* **EXERCISE DETAILS**
Repeat, word for word, each of the records shown below, without their pictures.
── INFORMATION SUPPLIED
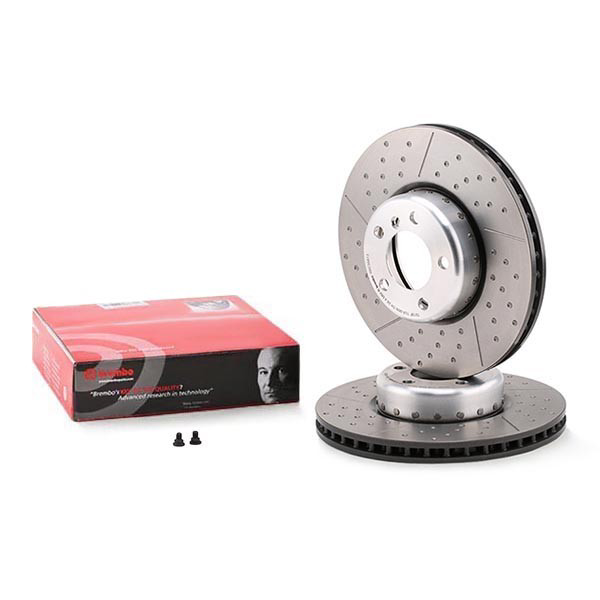 Диск гальмівний передній Brembo 09C39813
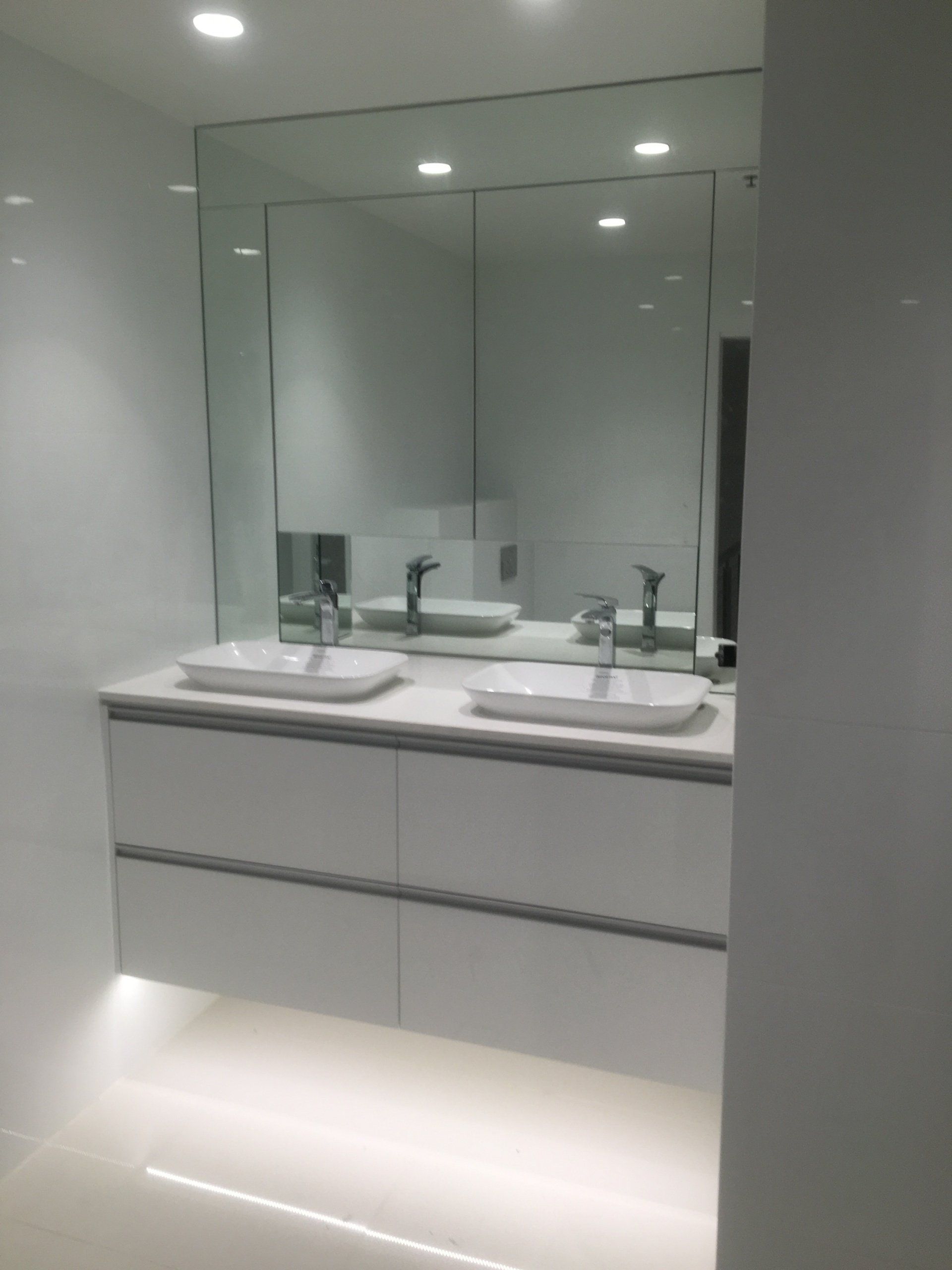 Modern Bathroom With A Shower Area And Bath Tub — Kitchen Design in Edmonton, QLD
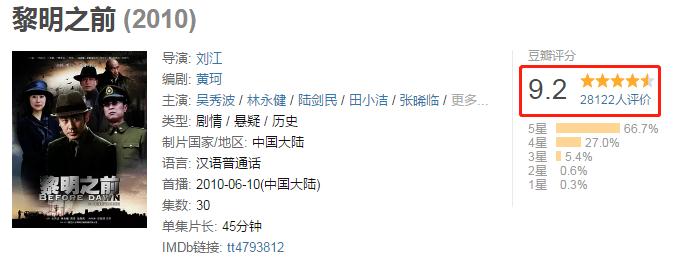 谍战剧9.7分以上谍战电视剧国产,近20年最经典的10部国产谍战剧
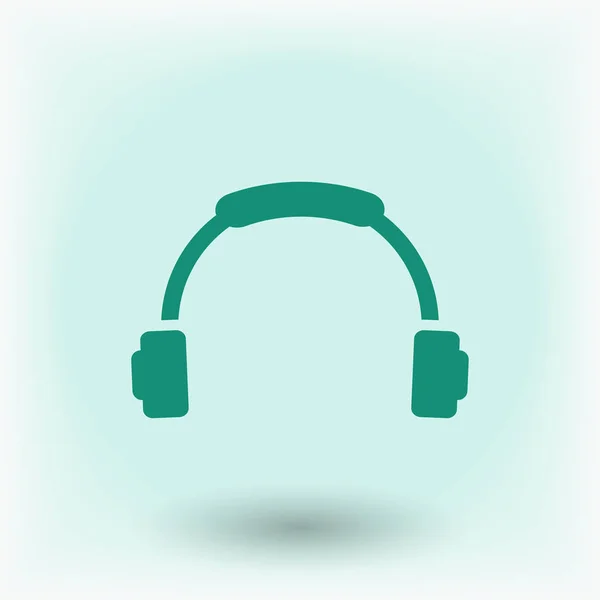 Ακουστικά εικονίδιο "υπογραφή" — Διανυσματικό Αρχείο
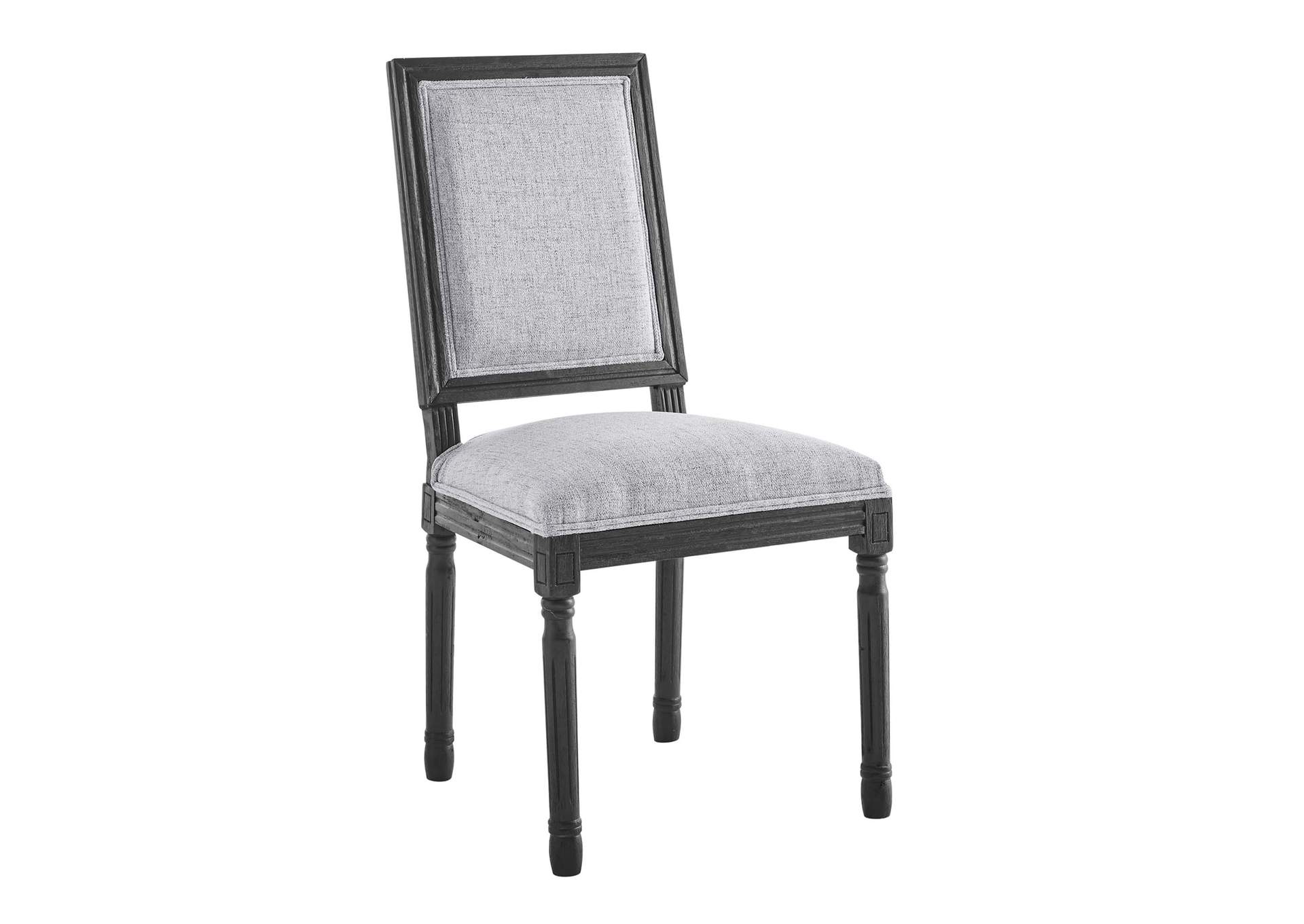 Court French Vintage Upholstered Fabric Dining Side Chair,Modway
────
* **OUTPUT FOR THIS TASK**
 Диск гальмівний передній Brembo 09C39813
 Modern Bathroom With A Shower Area And Bath Tub — Kitchen Design in Edmonton, QLD
 谍战剧9.7分以上谍战电视剧国产,近20年最经典的10部国产谍战剧
 Ακουστικά εικονίδιο "υπογραφή" — Διανυσματικό Αρχείο
 Court French Vintage Upholstered Fabric Dining Side Chair,Modway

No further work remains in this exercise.